Once the sweeping was finished, Bryn carried the markered shower curtain, and I carried a bedspread that he’d asked me to bring.

He smoothed out the shower curtain and put rocks around the edges to keep it from blowing away. Then he took off his shirt and set it on the steps. He glanced at the sky and then at the house, then back up at the sky.

“A lot of cloud cover,” he said, cocking his head. He moved around the shower curtain, back and forth, until stopping at the left side and taking a few steps back. He glanced up again and at the house. “I know the position of the house, where we are on the earth, and our relationship to the constellations, but there’s no way to do exact measurements without a telescope, which I couldn’t use with my view obscured anyway.”

“Do we need things to be exact to find him?” I asked. Bryn’s way of scrying seemed a lot more scientific than anything Momma or Aunt Mel had ever done.

“Maybe. Maybe not.” He glanced one last time up at the sky, then waved me over to him. He took the blanket from me. “Take off your shirt and socks and shoes.”

This was a normal part of the process for us sharing power. We were usually skin-to-skin—at least from the waist up—and I was barefoot with my toes in the dirt.

Unfortunately, any work you do that involves taking off clothes feels kind of dicey. Strippers. Adult films stars. Prostitutes. Not exactly the kind of company I want to be in.

Still, Andre was missing and doing magic was our best chance of finding him fast if he needed our help.

I took off my socks and boots, the wound on my foot stinging. “That cut on my foot’s not healed yet. I bet if Dr. Suri knew I was rubbing my cut in the dirt, he’d give me a really long lecture.”

“And a tetanus shot, I’d imagine.”

“You don’t think I’ll get a bad infection and have to get my leg cut off, do you?” I asked, removing my shirt and folding it up.

“Last week, I pulled an arrow out of your chest. This week, I’d be hard-pressed to find the scar. I doubt garden-variety bacteria stands a chance against your body’s ability to heal. Your fae blood, no doubt.”

I smiled. “I think so, too. Maybe my family shouldn’t have been so quick to condemn my half-fae status.” I walked to Bryn, and he wrapped the blanket around us, drawing me up against him. My skin prickled immediately with magical energy.

“Hold this,” he said, giving me the edges of the blanket.

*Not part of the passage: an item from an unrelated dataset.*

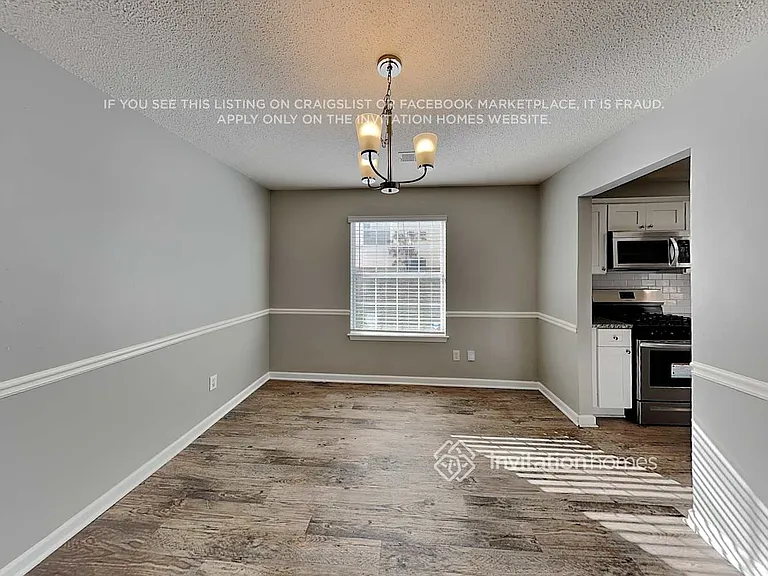 2840 Highland Hill Pkwy — Photo 6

I kept it around us and felt him fiddle with the clasp of my bra a second before it sprung open.

“You didn’t need to do that,” I admonished.

“Not for the spell,” he said a moment before he kissed me.

The power arced between us as we tasted each other. His fingers in my hair, skin sliding against skin. Before I knew it, he’d lowered us to the ground, and we were tangled up together.

“Bryn,” I gasped as he unzipped my jeans.

“Later,” he said, licking my throat.

“Andre is your best friend.”

“Which is why he’d understand.”

“Wow that feels good,” I mumbled, dizzy and breathless, before tugging his hand away from the inside of my thigh. “Bryn!”